Soumises à la loi fédérale sur l’énergie, les chaufferettes, installations amovibles de chauffage ne sont pas interdites ni au niveau fédéral ni au niveau cantonal vaudois ! Il convient une fois encore de le souligner. Je souhaite à ce sujet en votre présence remercier Madame la Conseillère d’Etat et le Gouvernement pour l’avoir précisé très clairement dans la réponse à l’interpellation Alexis Bailly. D’autre part, une motion du Conseiller National vert vaudois Van Singer visant leur interdiction généralisée au niveau fédéral a été classée par la commission parlementaire qui l’a étudiée.
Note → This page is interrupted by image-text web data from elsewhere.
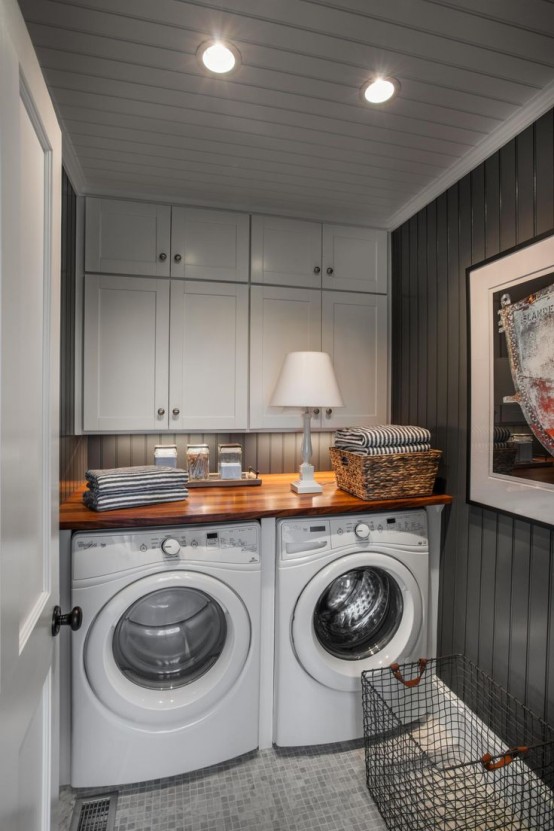 a small farmhouse with black planked walls, white shaker style cabinets and a washing machine and dryer and a stained countertop and a basket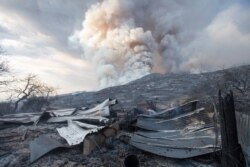 FILE - A burned structure in Yucaipa, Calif., Sept. 5, 2020. A couple’s plan to reveal their baby’s gender at a party went up in smoke in Yucaipa when a pyrotechnical device they used sparked a wildfire that has burned thousands of acres.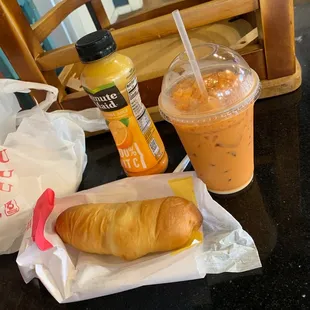 Jumbo Sausage with Cheese Kolache, orange Juice, and Thai ice tea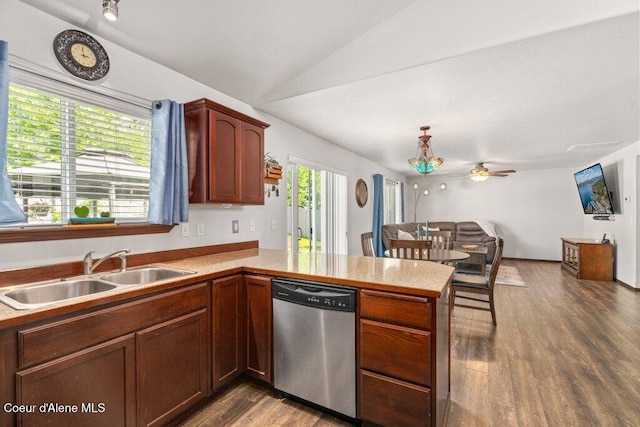 7090 N Epervier Ln, Coeur Dalene, ID 83815 - kitchen with dishwasher, a peninsula, dark wood-style flooring, ceiling fan, and light countertops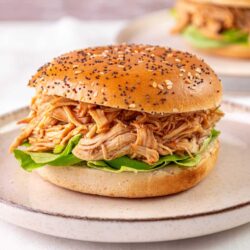 Shredded barbecue chicken sandwich on a sesame seed bun with lettuce at Baked Bree.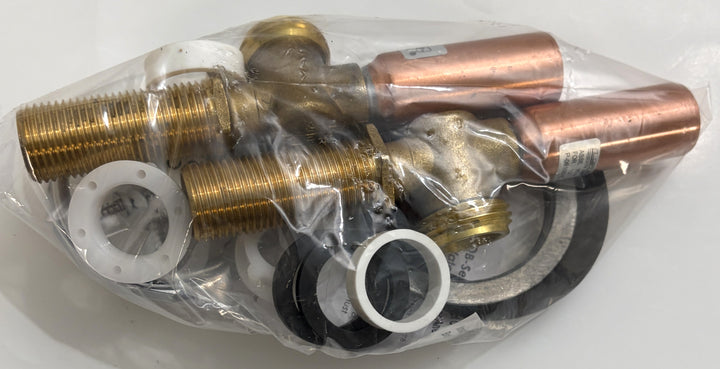 Set of brass and copper plumbing parts in clear plastic packaging on a white background
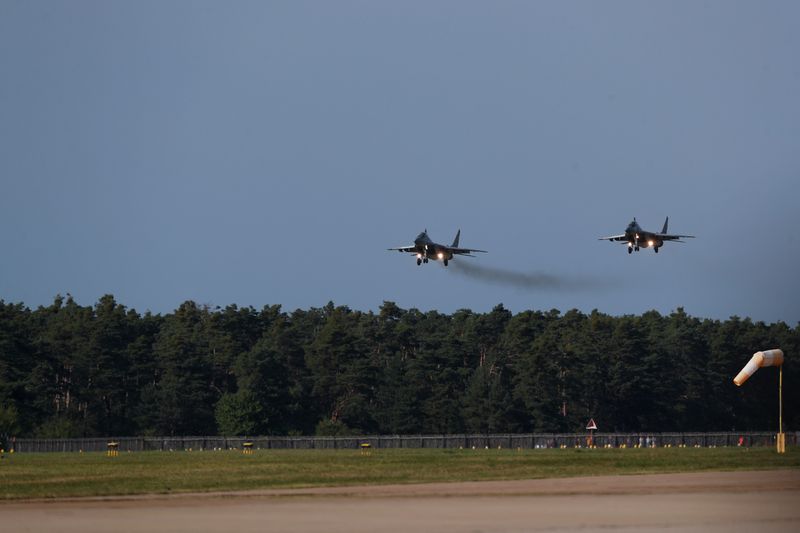 &copy; Reuters. Russian-made MiG-29 fighter jets fly near the Malacky Air Base, near Malacky, Slovakia, August 27, 2022. REUTERS/David W Cerny/File Photo
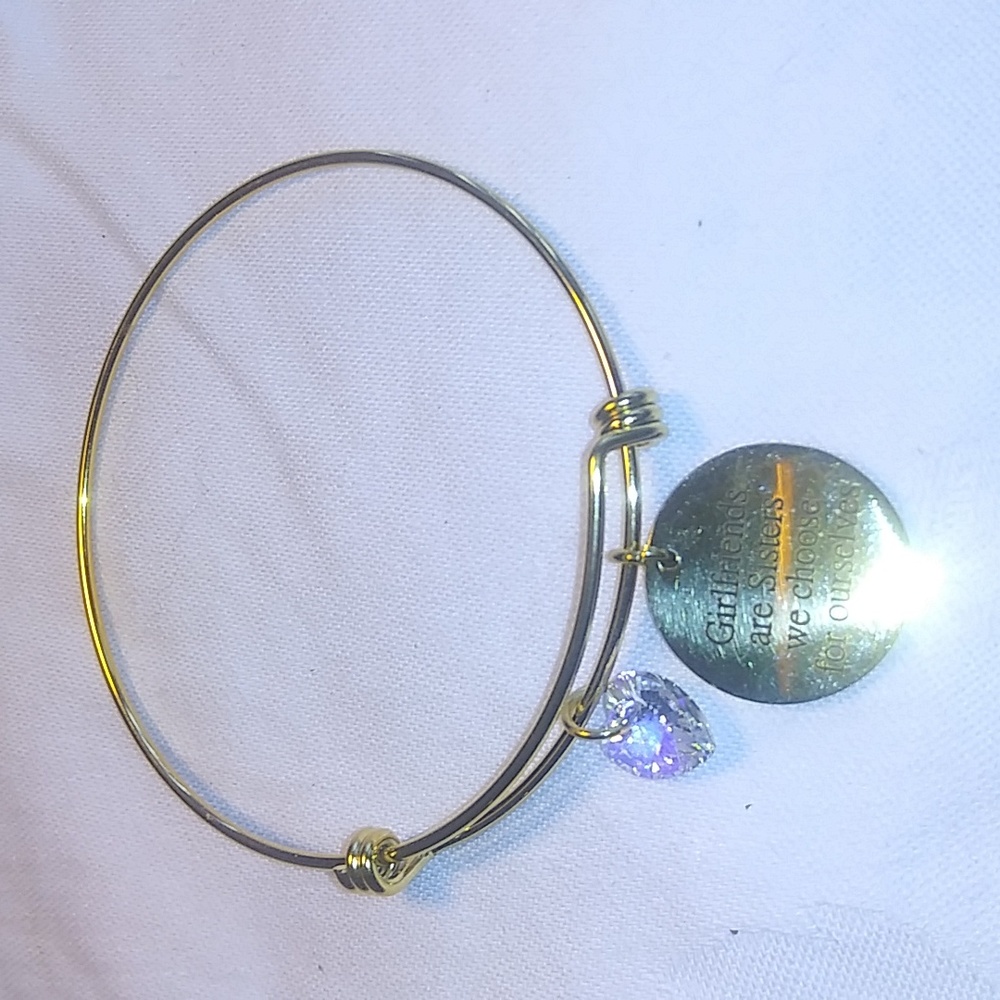 Adjustable gold tone bracelet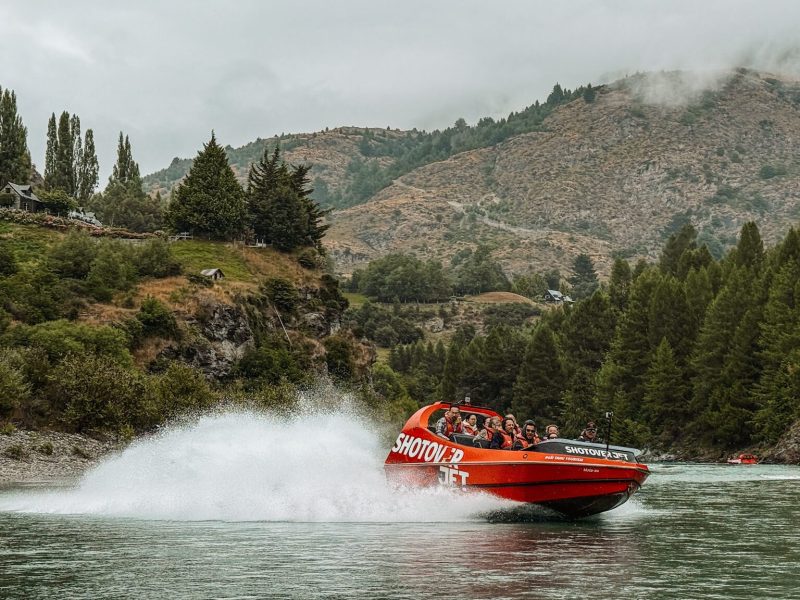 A boat splashing through a river between mountains that can be done on a Queenstown itinerary and one of the top things to do in New Zealand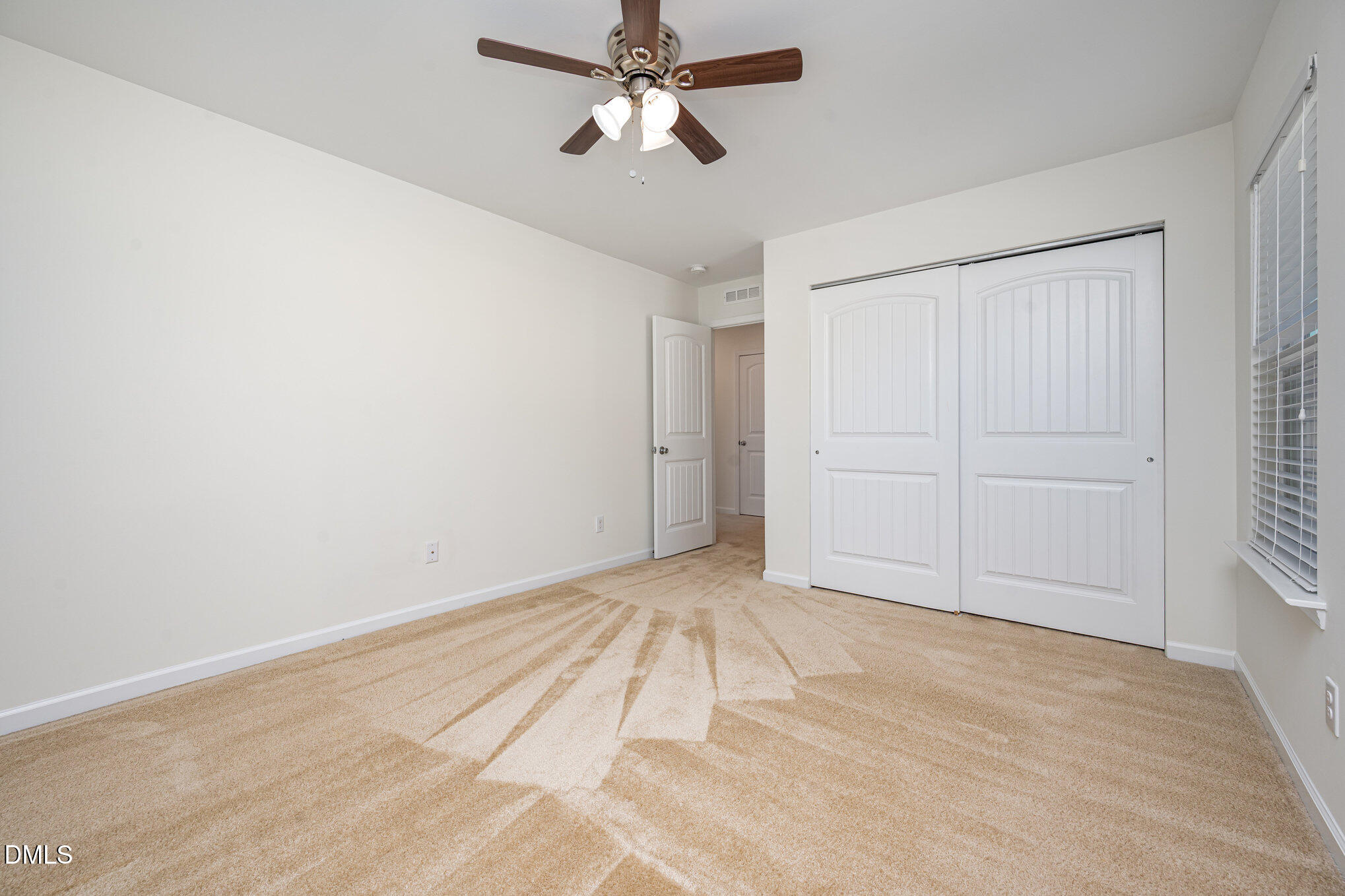104 Oak Rise Lane Fuquay-Varina, NC 27526 - Photo 18 of 29 a view of empty room with ceiling fan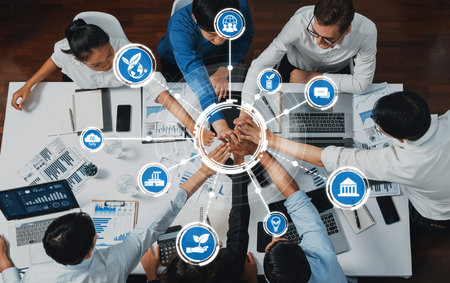 A dynamic business meeting scene featuring diverse individuals collaborating around a table, symbolizing teamwork and innovative solutions for a sustainable future. Amityの写真素材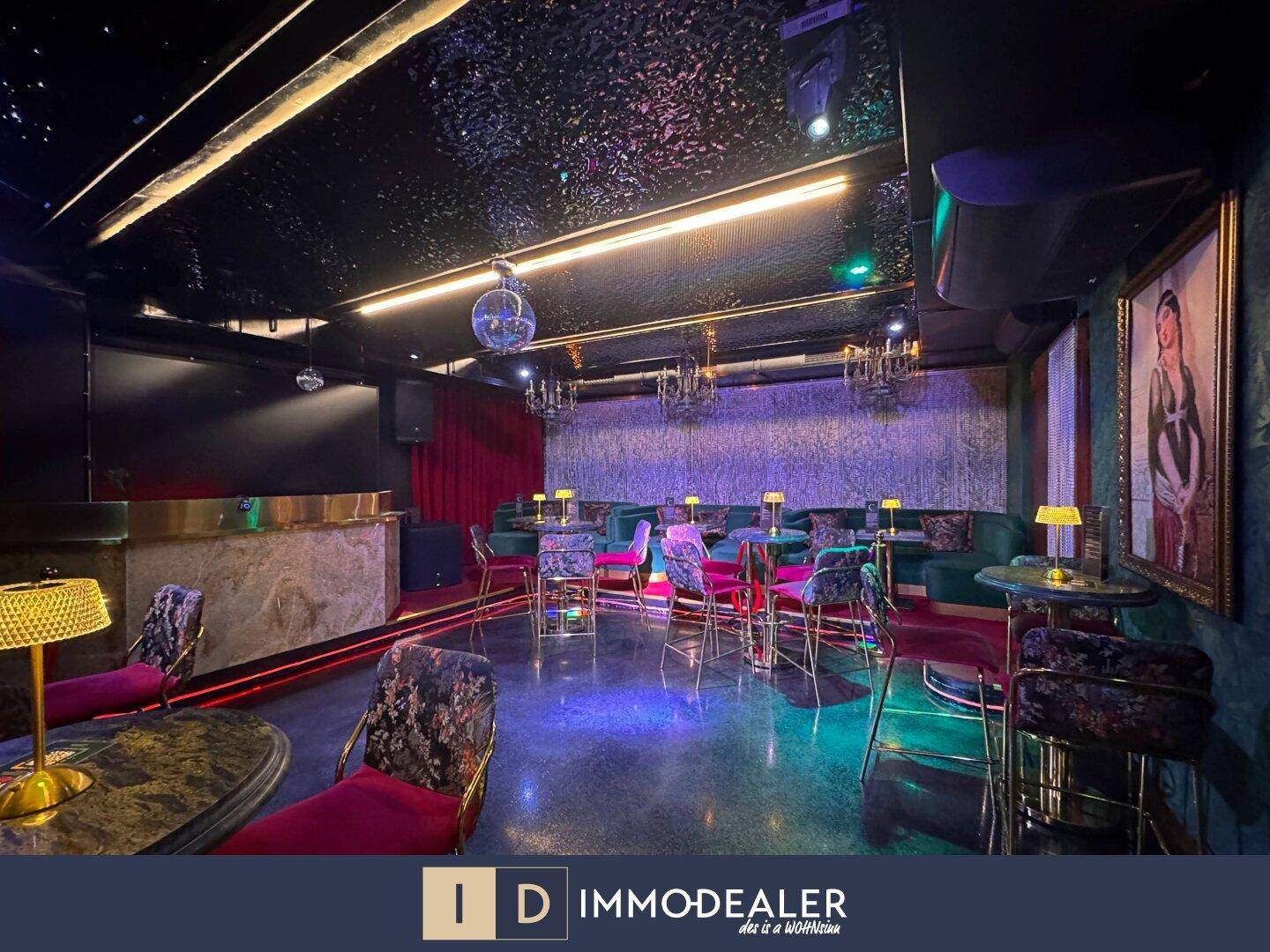 Geräumiger Lounge-Bereich mit verschiedenen Sitzgelegenheiten, einem Discokugel und indirekter Beleuchtung, die eine lebendige Atmosphäre schafft.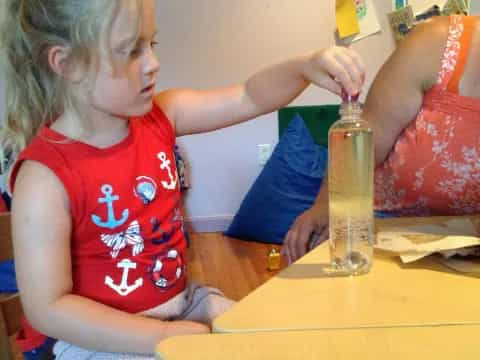 a young girl painting a bottle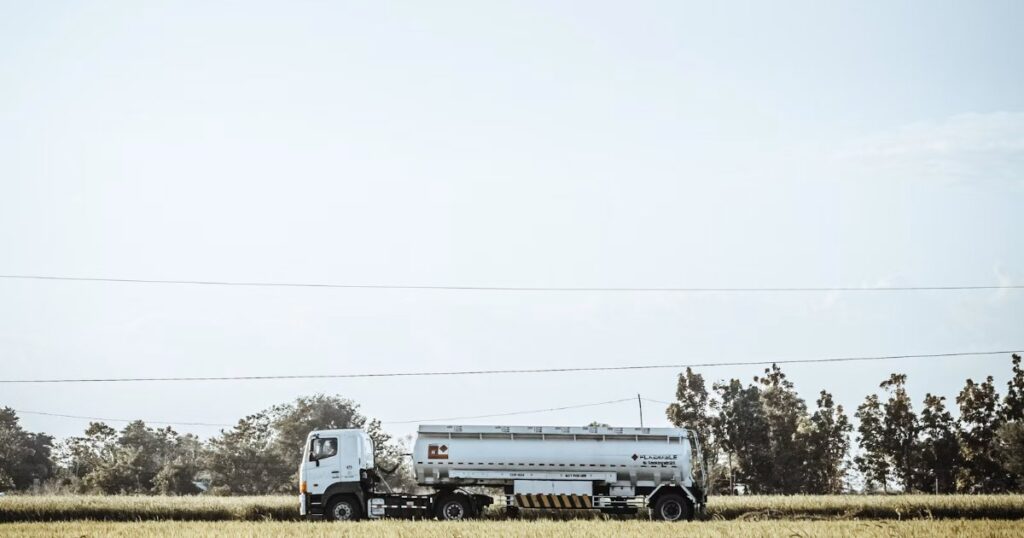 White and black semi truck parked on a green grass field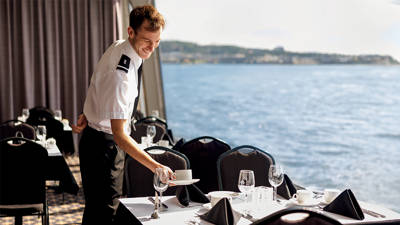 Un serveur en uniforme prépare une table élégante avec des nappes blanches et des serviettes noires dans une salle à manger avec une vue panoramique sur l'eau en arrière-plan.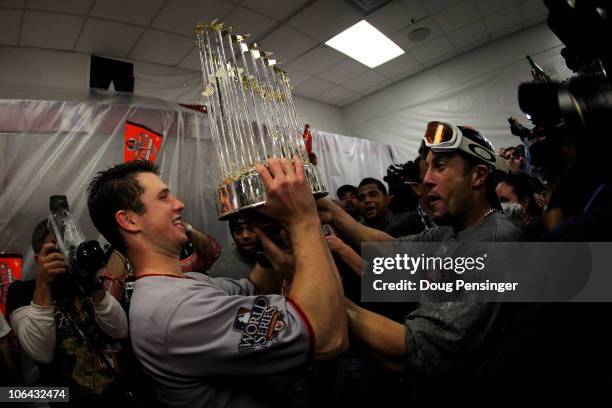 Buster Posey and Andres Torres of the San Francisco Giants celebrates with the trophy in the locker room after the Giants won 3-1 against the Texas...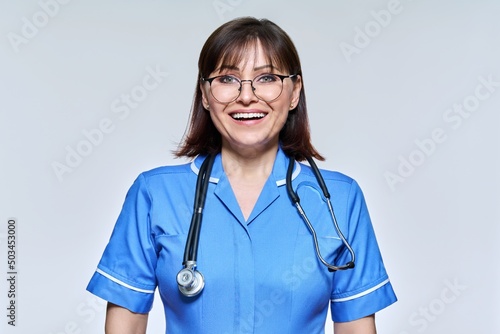 Headshot portrait of nurse in blue uniform looking at camera on light studio background photo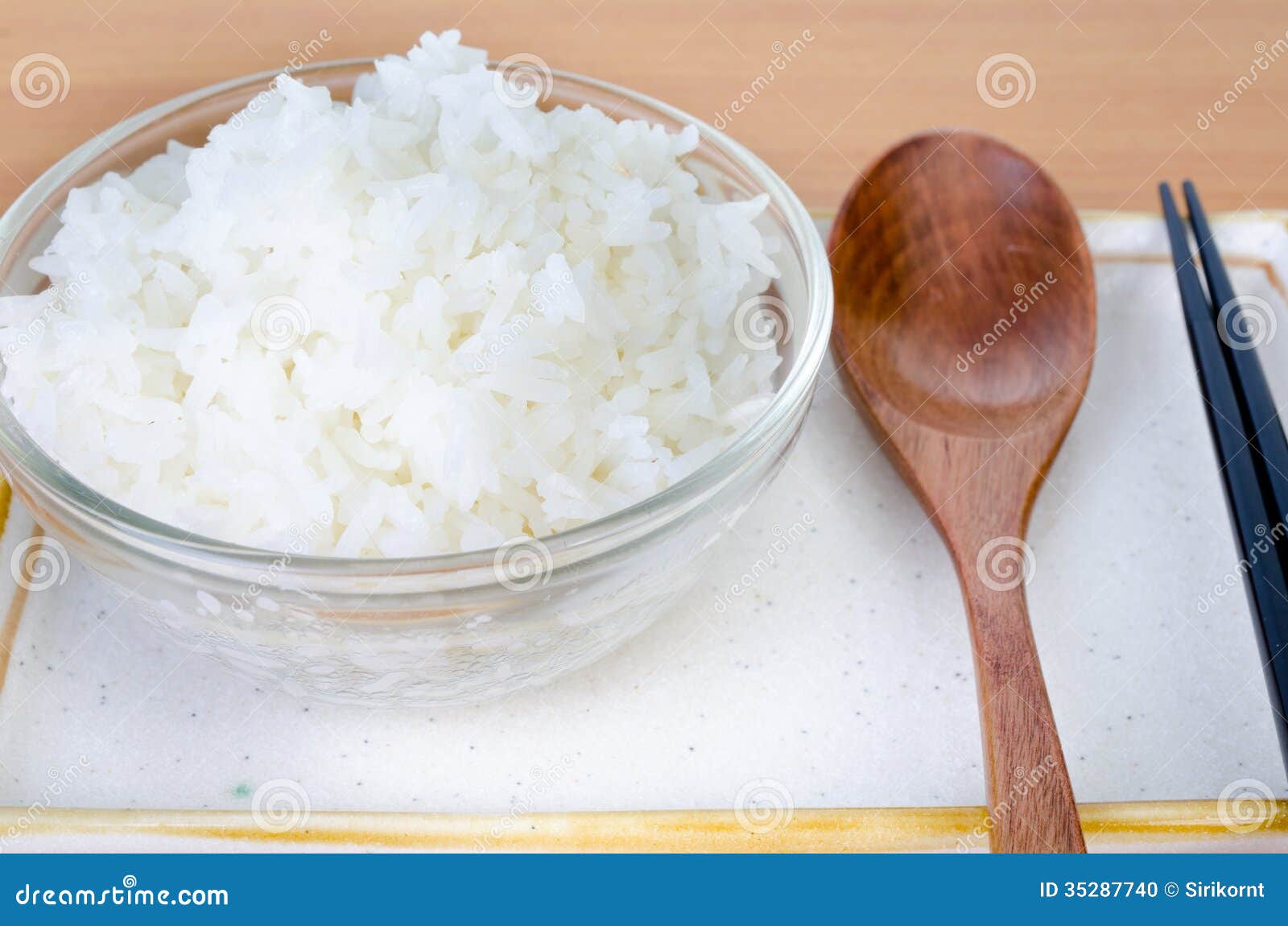 White Steamed Rice in Bowl with Chopsticks and Wood Spoon . Stock Photo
A l’évidence une municipalité ne peut pas décréter une interdiction sans disposer de la base légale nécessaire sans se mettre dans l’illégalité. Les villes d’Yverdon-les-Bains, de Renens, et de Nyon ne sont pas de ce fait en droit, comme elles l’ont décidé l’automne passé d’interdire les chaufferettes sur le domaine privé.

A propos de la ville de Nyon, permettez-nous de relever que l’incohérence de l’interdiction promulguée, sachant que cette même ville consacre chaque année 200'000 kWh d’électricité pour les besoins de son festival - soit l’équivalent de la consommation de 42 ménages en une année - et termine son festival en apothéose par un spectaculaire feu d’artifice. Elle interdit par contre les quelques chaufferettes utilisées sur les terrasses de ses cafés. Pour un homme qui prône le dialogue, on peut s’étonner que le Syndic Rossellat n’ait pas trouvé quelques minutes à ce jour pour nous recevoir.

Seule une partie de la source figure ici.